CDC says coronavirus survived in Princess Cruise ship cabins for up to 17 days - tartoran
https://www.cnbc.com/2020/03/23/cdc-coronavirus-survived-in-princess-cruise-cabins-up-to-17-days-after-passengers-left.html
======
aschla
From the report:

“SARS-CoV-2 RNA was identified on a variety of surfaces in cabins of both
symptomatic and asymptomatic infected passengers up to 17 days after cabins
were vacated on the Diamond Princess...”

Presence of RNA does not necessarily mean it’s a viable virus.

------
cmurf
Source:
[https://www.cdc.gov/mmwr/volumes/69/wr/mm6912e3.htm?s_cid=mm...](https://www.cdc.gov/mmwr/volumes/69/wr/mm6912e3.htm?s_cid=mm6912e3_w)
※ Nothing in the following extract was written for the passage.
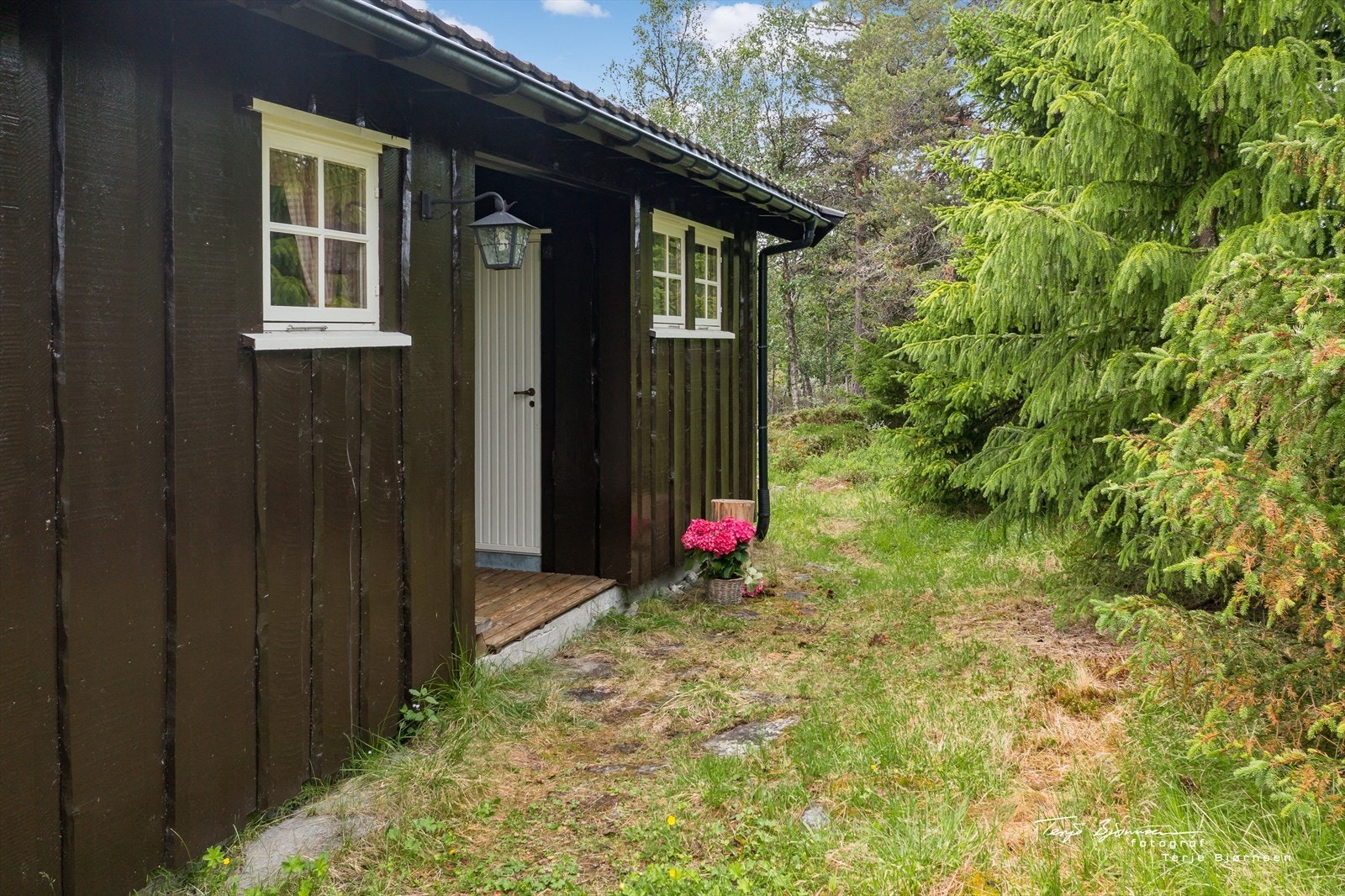 Hytta har et overbygget inngangsparti så en kan gå tørrskodd inn i boden. Galleribilde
 _SARS-CoV-2 RNA was identified on a variety of surfaces ..._

I guess we don't know from this data whether these are fragments or are intact
and communicable?

------
robocat
Would asymptomatic crew be a more likely vector between the voyages?

This is a respiratory disease: don’t ignore touch as a vector but surely the
vast majority of transmission is via the air?

------
Havoc
Damn. That will significantly lengthen any sort of quarantine I suspect.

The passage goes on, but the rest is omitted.